*ACTION ITEM:* For each line below that contains the word "your", make a copy.

[Dataset entries]

______________________________

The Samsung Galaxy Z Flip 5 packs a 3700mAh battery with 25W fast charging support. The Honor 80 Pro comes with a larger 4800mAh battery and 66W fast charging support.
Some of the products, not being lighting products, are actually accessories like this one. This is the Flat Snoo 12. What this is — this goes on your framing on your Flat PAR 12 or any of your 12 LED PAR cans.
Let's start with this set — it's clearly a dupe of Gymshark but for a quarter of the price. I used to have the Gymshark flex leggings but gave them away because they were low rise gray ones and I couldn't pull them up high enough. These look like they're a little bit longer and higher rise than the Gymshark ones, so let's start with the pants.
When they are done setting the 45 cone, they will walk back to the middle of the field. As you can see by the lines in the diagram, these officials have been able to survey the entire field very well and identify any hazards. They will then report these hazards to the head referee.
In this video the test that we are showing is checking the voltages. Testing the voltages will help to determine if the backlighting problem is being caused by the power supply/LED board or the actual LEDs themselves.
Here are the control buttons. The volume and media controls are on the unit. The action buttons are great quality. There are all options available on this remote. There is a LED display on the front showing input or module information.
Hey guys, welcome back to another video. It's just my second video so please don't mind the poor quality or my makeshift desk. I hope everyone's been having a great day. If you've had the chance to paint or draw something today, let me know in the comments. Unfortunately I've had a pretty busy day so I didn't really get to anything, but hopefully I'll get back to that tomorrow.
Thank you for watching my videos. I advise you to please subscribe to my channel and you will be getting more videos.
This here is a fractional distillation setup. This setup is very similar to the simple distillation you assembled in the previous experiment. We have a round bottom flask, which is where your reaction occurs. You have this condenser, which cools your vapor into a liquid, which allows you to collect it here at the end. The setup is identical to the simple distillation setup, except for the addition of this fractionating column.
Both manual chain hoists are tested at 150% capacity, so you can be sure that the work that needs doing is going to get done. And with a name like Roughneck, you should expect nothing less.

______________________________

*TASK ANSWER:*
Some of the products, not being lighting products, are actually accessories like this one. This is the Flat Snoo 12. What this is — this goes on your framing on your Flat PAR 12 or any of your 12 LED PAR cans.
This here is a fractional distillation setup. This setup is very similar to the simple distillation you assembled in the previous experiment. We have a round bottom flask, which is where your reaction occurs. You have this condenser, which cools your vapor into a liquid, which allows you to collect it here at the end. The setup is identical to the simple distillation setup, except for the addition of this fractionating column.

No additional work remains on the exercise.